Only the lines below from the one containing "English Elm STERLING" through the one containing "2006 Subaru Impreza" belong in the answer, repeated exactly and without pictures.
_ _ _ _ _ _ _
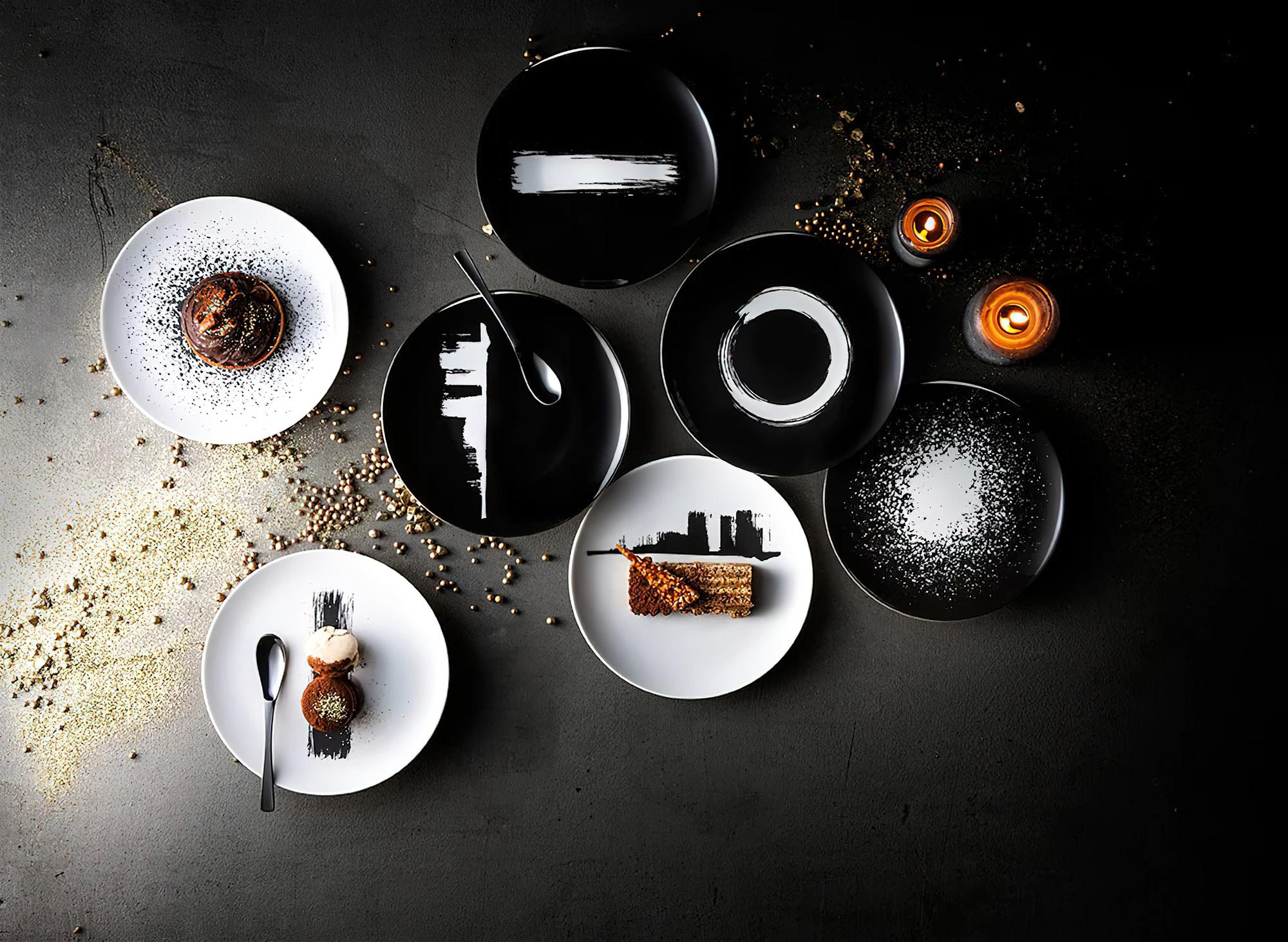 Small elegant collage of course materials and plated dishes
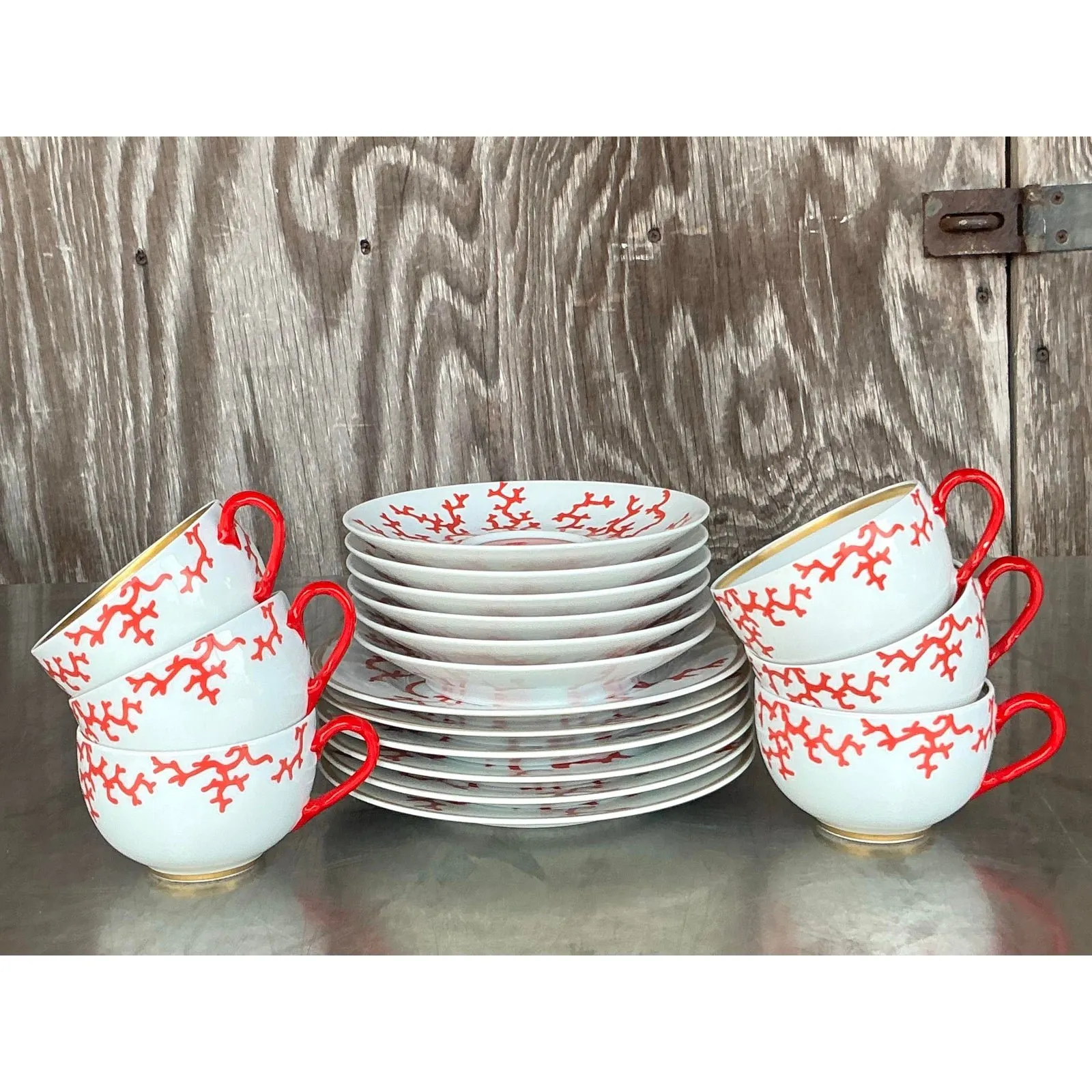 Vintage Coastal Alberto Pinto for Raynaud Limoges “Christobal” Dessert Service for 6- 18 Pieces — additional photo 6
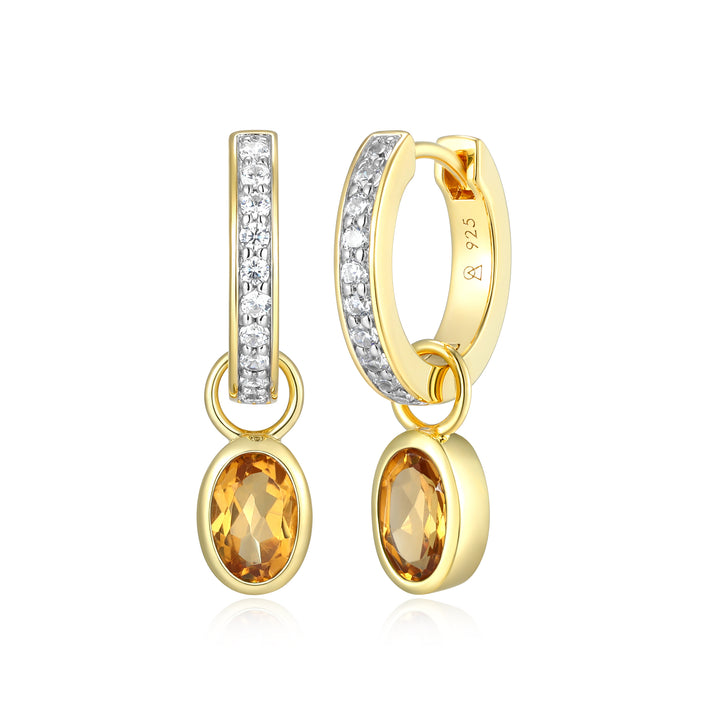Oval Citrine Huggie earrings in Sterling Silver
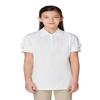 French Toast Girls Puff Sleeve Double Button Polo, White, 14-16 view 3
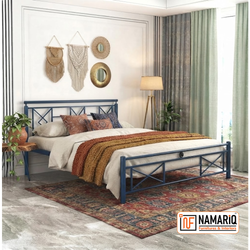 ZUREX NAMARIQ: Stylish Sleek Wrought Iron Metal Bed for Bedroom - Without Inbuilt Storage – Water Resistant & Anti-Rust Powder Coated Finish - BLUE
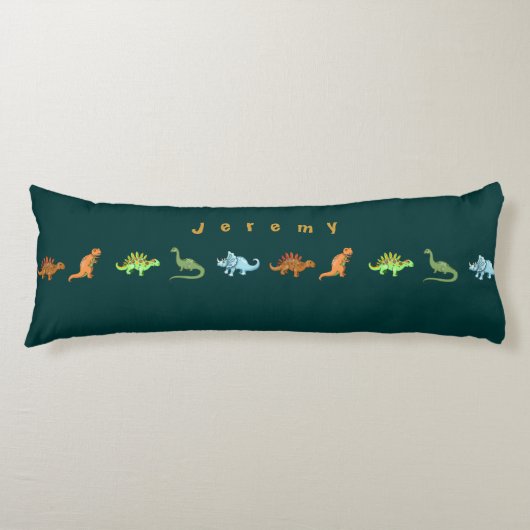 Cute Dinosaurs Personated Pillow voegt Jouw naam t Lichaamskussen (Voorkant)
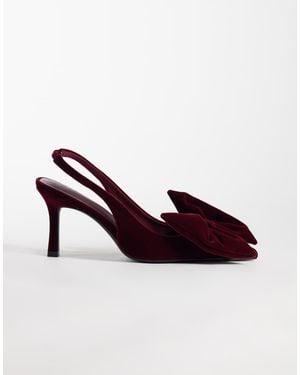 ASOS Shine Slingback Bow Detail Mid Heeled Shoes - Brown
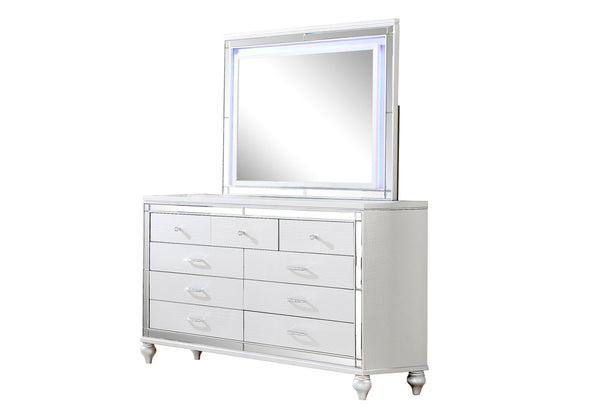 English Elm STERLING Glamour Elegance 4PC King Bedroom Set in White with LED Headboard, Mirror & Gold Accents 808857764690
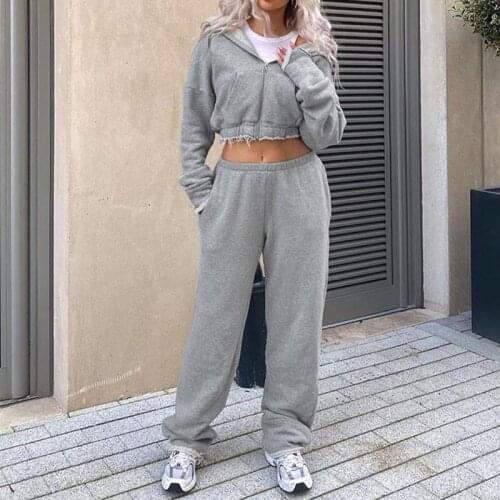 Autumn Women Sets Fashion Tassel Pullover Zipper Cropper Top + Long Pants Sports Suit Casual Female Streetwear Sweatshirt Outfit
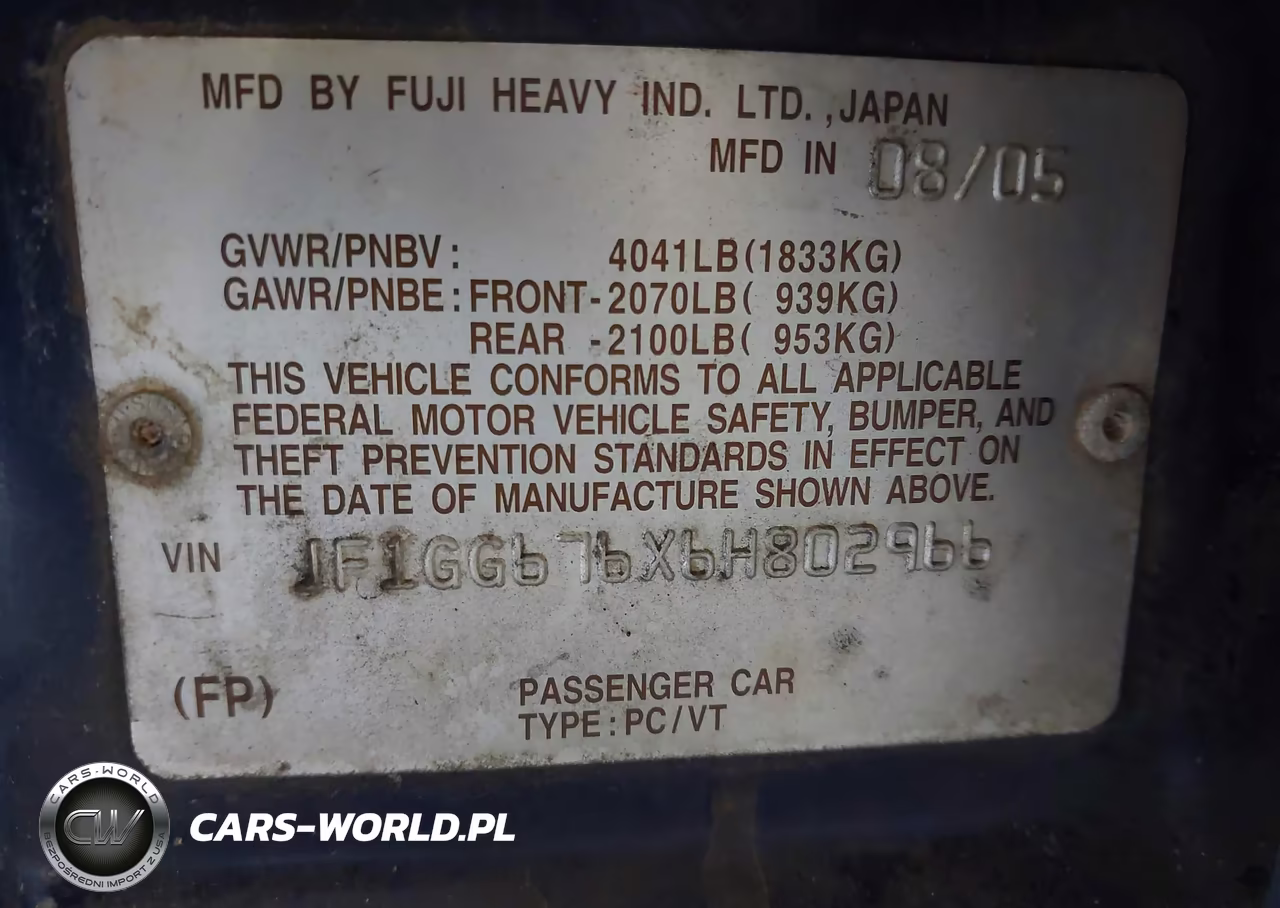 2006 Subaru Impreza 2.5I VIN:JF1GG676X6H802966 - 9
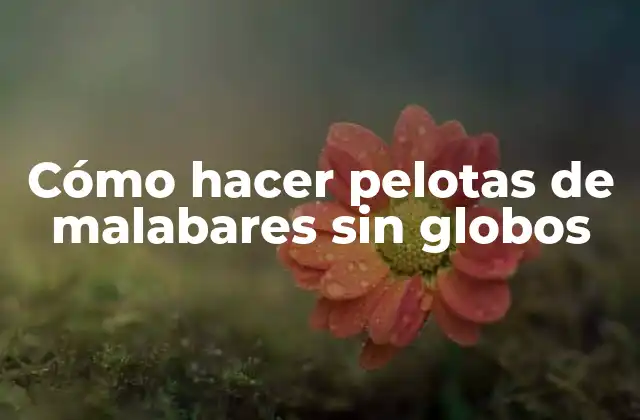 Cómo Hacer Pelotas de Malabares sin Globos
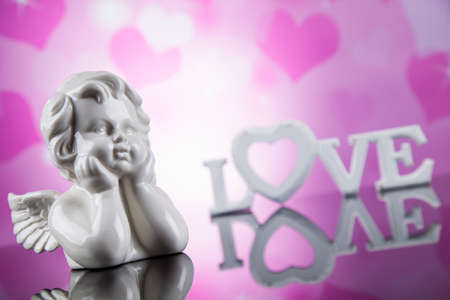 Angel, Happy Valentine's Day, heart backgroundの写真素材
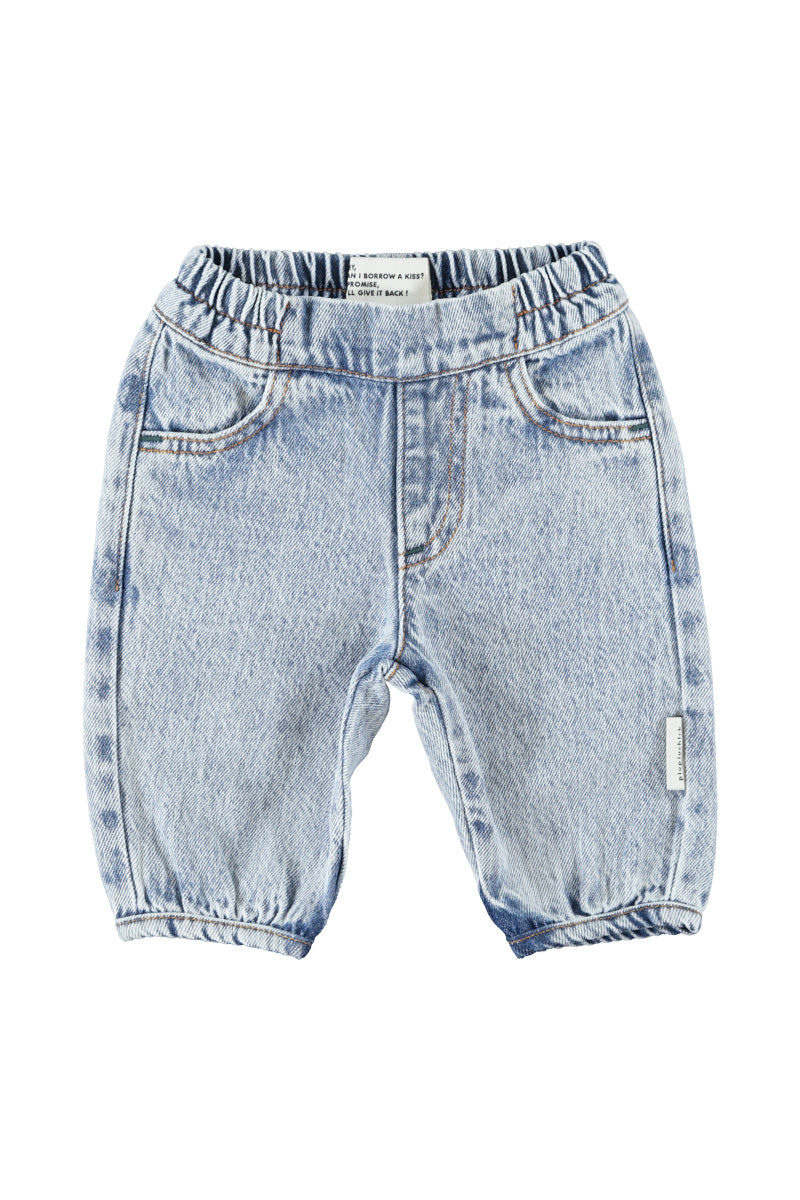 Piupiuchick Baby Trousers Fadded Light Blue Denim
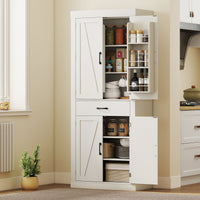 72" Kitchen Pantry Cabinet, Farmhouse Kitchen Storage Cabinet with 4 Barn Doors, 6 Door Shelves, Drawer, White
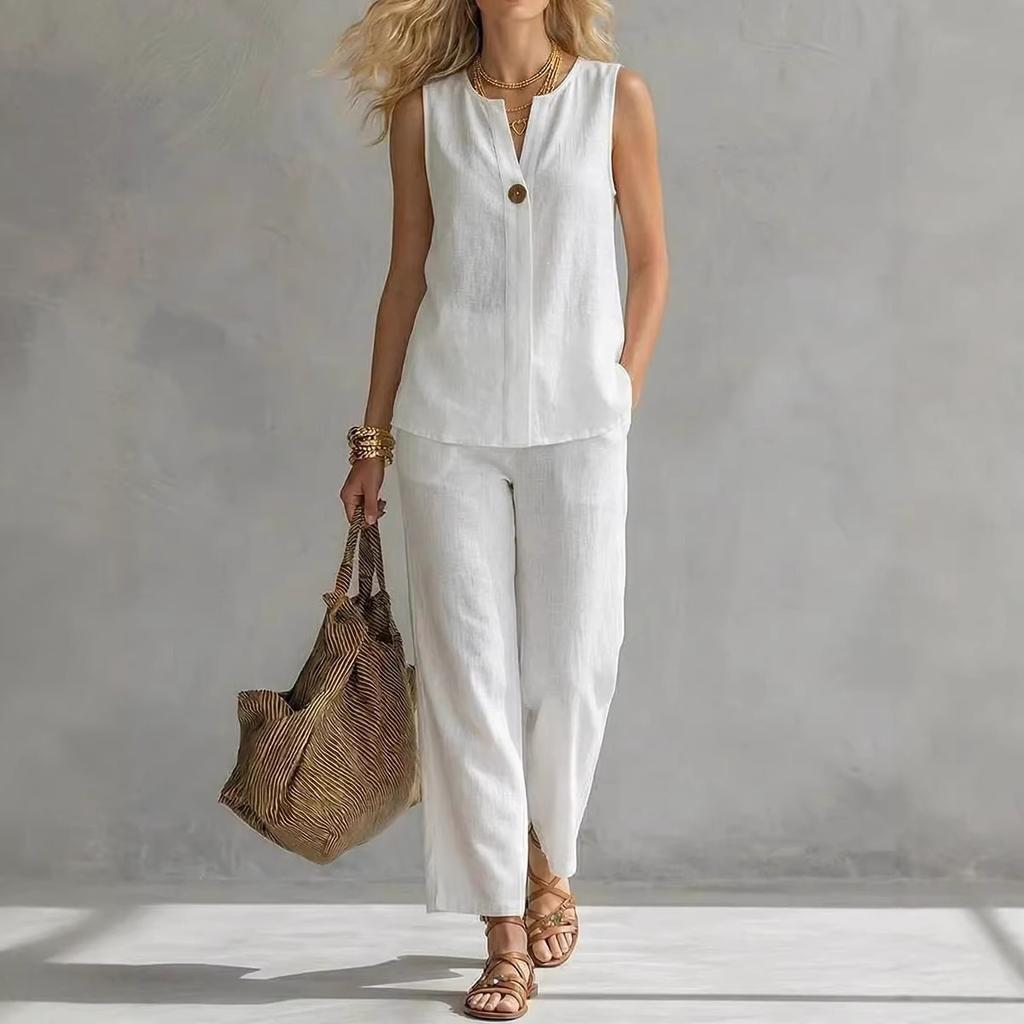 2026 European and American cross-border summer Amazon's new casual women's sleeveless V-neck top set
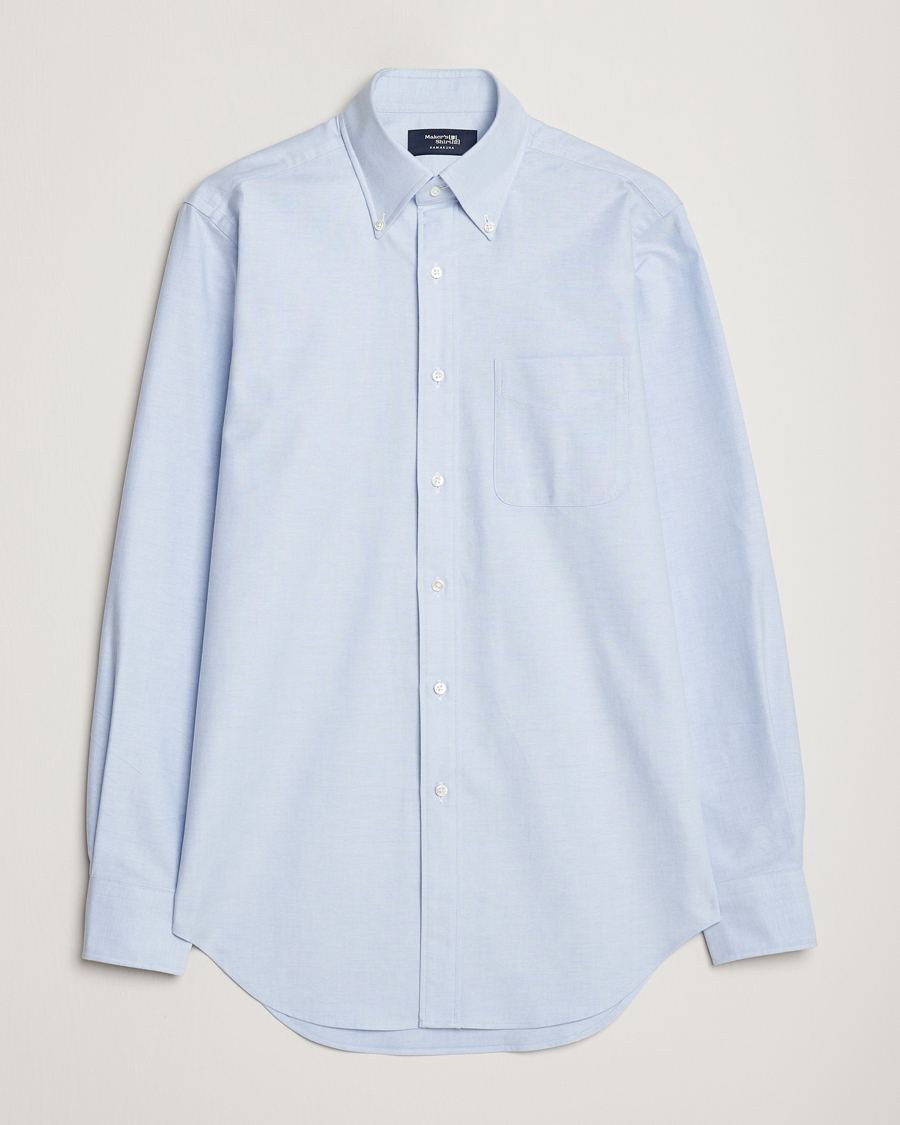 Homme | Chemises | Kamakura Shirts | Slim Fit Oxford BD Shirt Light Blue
_ _ _ _ _ _ _
Answer to this exercise –
 English Elm STERLING Glamour Elegance 4PC King Bedroom Set in White with LED Headboard, Mirror & Gold Accents 808857764690
 Autumn Women Sets Fashion Tassel Pullover Zipper Cropper Top + Long Pants Sports Suit Casual Female Streetwear Sweatshirt Outfit
 2006 Subaru Impreza 2.5I VIN:JF1GG676X6H802966 - 9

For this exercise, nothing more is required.